ABOUT THIS EXERCISE
Reproduce the full listing below exactly. Do not include the pictures.

*** PROVIDED RECORDS ***

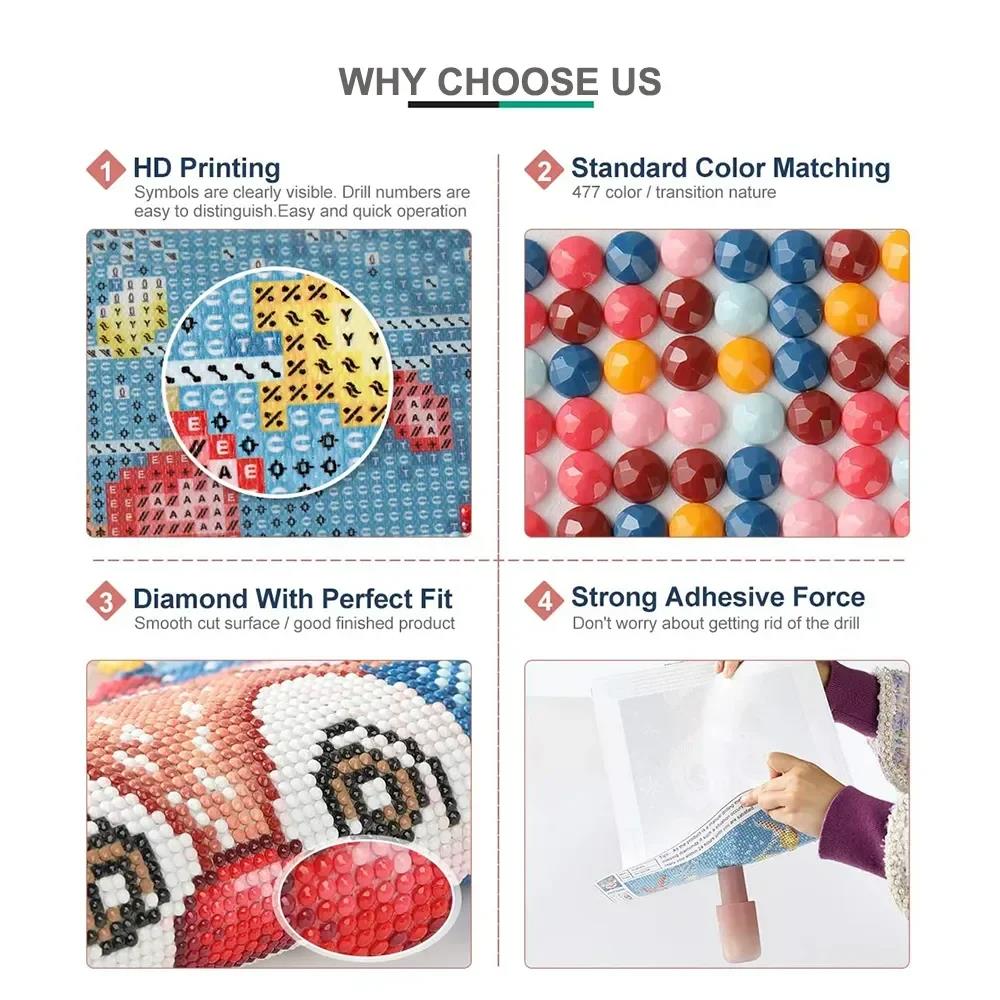 Kits de broderie diamant 5D sa - Resin Art For Beginners avis et prix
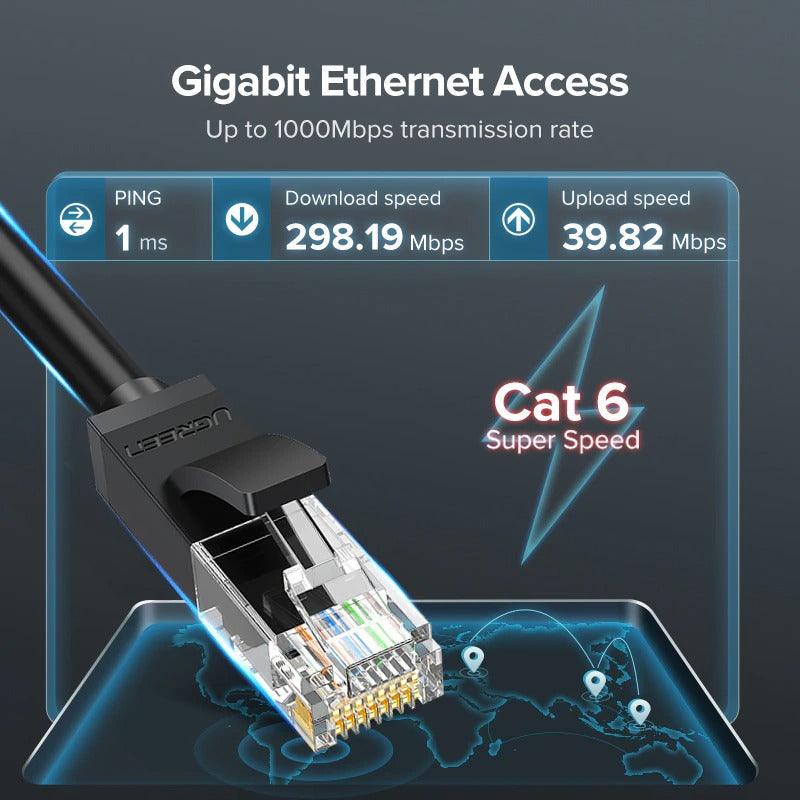 Cable Ethernet Cat 6 Premium - Solución de Networking de 1000Mbps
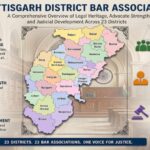 District Bar Associations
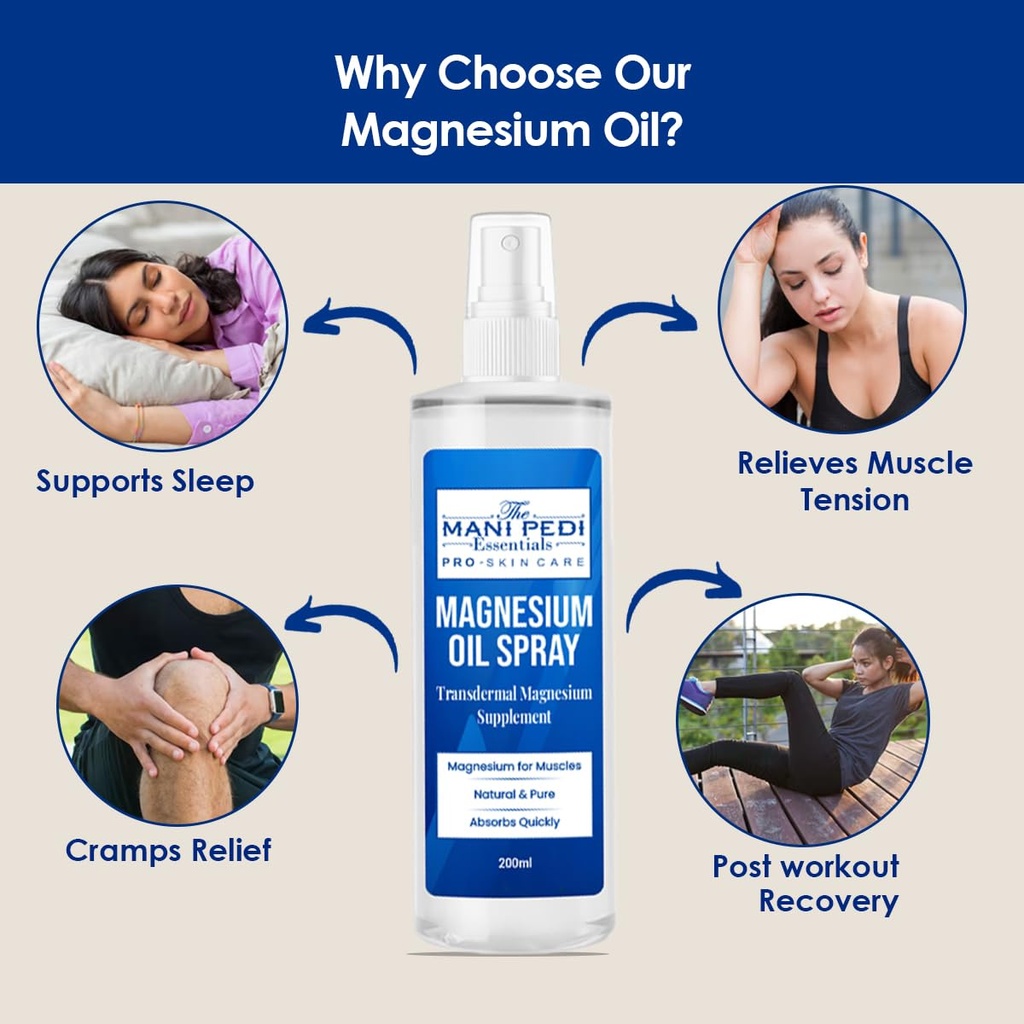 magnesium-oil-spray-quick-absorbing-topi-2.jpg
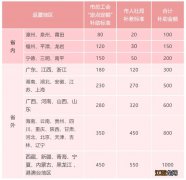 厦门平安返厦交通补助2023年3月1日起开始申请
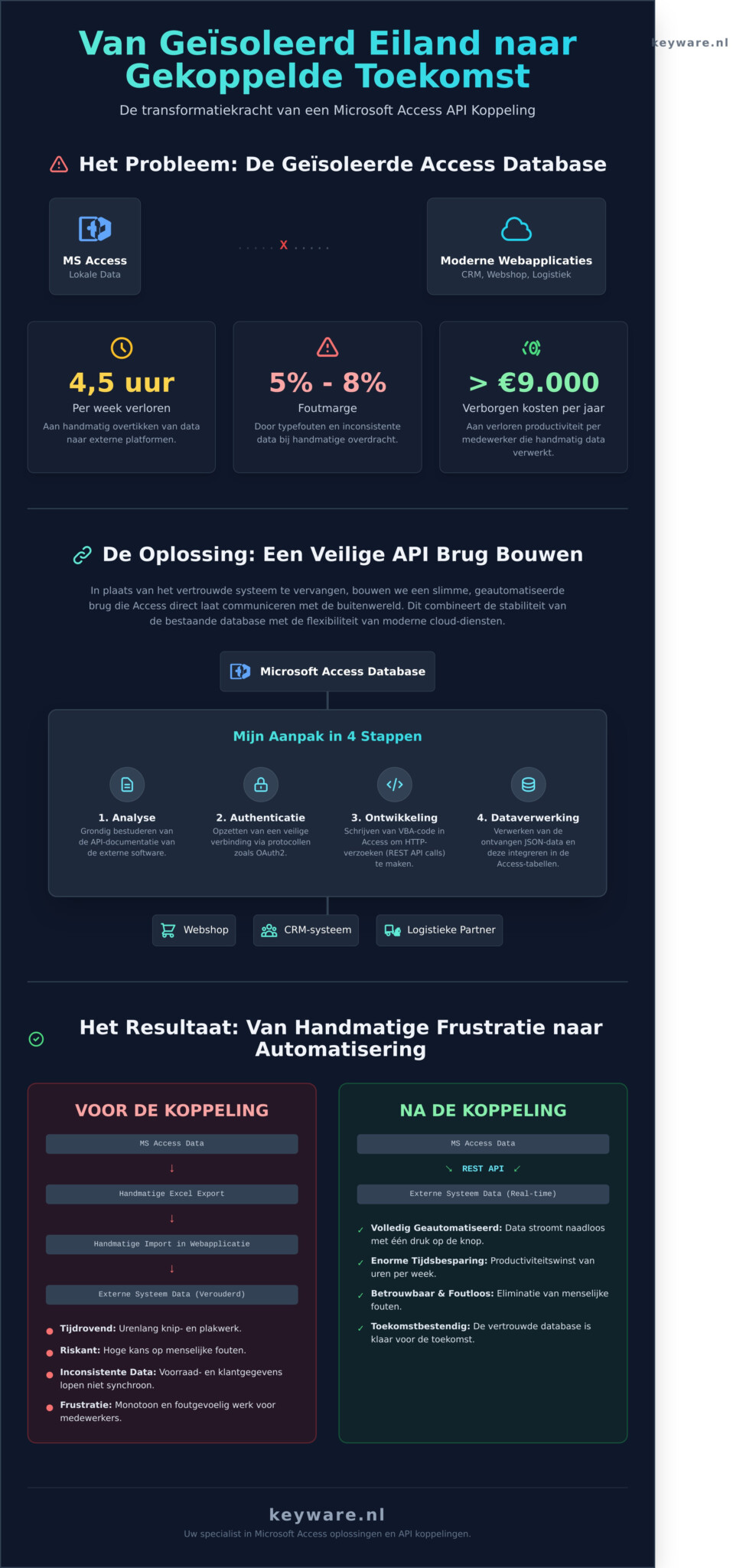 Case Study: Hoe ik een Access API koppeling maak voor moderne automatisering - Infographic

***

EXERCISE RESULT
 Kits de broderie diamant 5D sa - Resin Art For Beginners avis et prix
 Cable Ethernet Cat 6 Premium - Solución de Networking de 1000Mbps
 District Bar Associations
 magnesium-oil-spray-quick-absorbing-topi-2.jpg
 厦门平安返厦交通补助2023年3月1日起开始申请
 Case Study: Hoe ik een Access API koppeling maak voor moderne automatisering - Infographic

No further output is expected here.